Battery energy storage system eyed near Woodstock

TORONTO - A Quebec-based renewable energy company is proposing to build a battery energy storage system in Oxford County near Woodstock.

The Oxford battery energy storage project put forward by Boralex Inc., if granted approval, would be ready for commercial operation in 2028. The facility would be in the Township of South-West Oxford, but also would serve Woodstock businesses and residences due to the city’s proximity to the site.

Battery storage systems charge when energy sources produce more energy than customers need, and discharge during peak demand to provide a reliable, steady supply of energy.

Darren Suarez, Boralex’s vice-president of public affairs and communications in North America, said, “The system we’re talking about is a very large battery that will help at times when the electric grid has too much energy on the system. We’ll be able to charge our batteries, and when there’s a need, we can discharge the batteries to match the needs of the electric grid.”

South-West Oxford is a region Boralex has pinpointed for a battery storage project. “We look at grid needs as a whole, and where there is a need for battery storage, and we’ve identified this location as being a real positive for the grid, to help with its stability,” Suarez said.

Suarez could not provide an estimated cost for the proposed facility but said the project would add about 75 jobs during the construction phase. Once the site is operational, only one or two employees will be necessary to maintain the facility, he said.

Boralex requires approval from the Independent Electricity System Operator (IESO), the corporation that co-ordinates and integrates Ontario’s electricity system, for the Oxford battery energy storage project.

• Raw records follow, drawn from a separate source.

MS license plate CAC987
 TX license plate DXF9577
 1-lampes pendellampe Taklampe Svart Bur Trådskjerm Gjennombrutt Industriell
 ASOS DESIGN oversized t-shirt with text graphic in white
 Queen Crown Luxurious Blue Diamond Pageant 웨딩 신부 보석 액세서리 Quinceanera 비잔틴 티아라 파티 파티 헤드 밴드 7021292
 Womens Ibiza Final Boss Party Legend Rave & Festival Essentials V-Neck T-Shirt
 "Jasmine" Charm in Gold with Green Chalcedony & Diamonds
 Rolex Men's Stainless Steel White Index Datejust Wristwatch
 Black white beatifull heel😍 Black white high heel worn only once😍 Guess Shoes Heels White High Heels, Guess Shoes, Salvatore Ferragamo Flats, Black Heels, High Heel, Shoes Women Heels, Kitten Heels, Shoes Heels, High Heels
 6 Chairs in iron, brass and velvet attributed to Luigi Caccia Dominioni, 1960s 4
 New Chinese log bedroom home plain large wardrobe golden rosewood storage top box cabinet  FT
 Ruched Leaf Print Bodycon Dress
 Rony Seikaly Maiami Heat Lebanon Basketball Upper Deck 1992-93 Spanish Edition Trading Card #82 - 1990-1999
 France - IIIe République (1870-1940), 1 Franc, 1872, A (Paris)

Upon approval, the project will connect with an existing Hydro One transmission line located north of the proposed site. “[Hydro One] has a process to review the project and review the location and ensure we are following safety standards and protocols in terms of integrating the project into the grid, but they are not directly involved in the development of the project itself,” Suarez said.

The proposal has been presented to South-West Oxford council. South-West Oxford Mayor David Mayberry said, “(Council) is still waiting to see what permits are necessary to be addressed if the proposal moves forward.”

Mayberry said the Ministry of Natural Resources and Forestry also would be reviewing the proposed project.

Thornton Sand and Gravel, the location of the proposed facility, was viewed positively by Mayberry. “From a positive perspective, they’re not using farmland. There is a plus we’re not using farmland, but there is concern something could leak into the aquifer. These questions need to be answered before it can be to the satisfaction of the community,” Mayberry said.

An open house was held on Sept. 14 to provide information to residents. Suarez said about 50 people showed up and the response was positive. “Many people came out to see what we planned for the project and there was a lot of support for the location because of where it actually is, and how it integrates into the community. It’s considered good use of the land by many of the people that were able to join us on that day,” Suarez said.

The Quebec-based energy company has been operating in Ontario for nearly 15 years and has wind farms in the Niagara and Chatham-Kent regions.

Boralex also is involved in two other battery storage projects in Ontario. The Hagersville project is a 40-minute drive northwest of Hamilton, and the other is in Tilbury, a community in Chatham-Kent. Commercial operation for both sites is planned to begin in 2025.

South-West Oxford and Woodstock will see some financial benefits from the energy storage system, Suarez said.

“It will help to stabilize energy costs. It will contribute to really shaving the most expensive energy on the system off the system. They’re going to take electricity when it’s the least costly and utilize that least costly energy and displace the most costly energy.”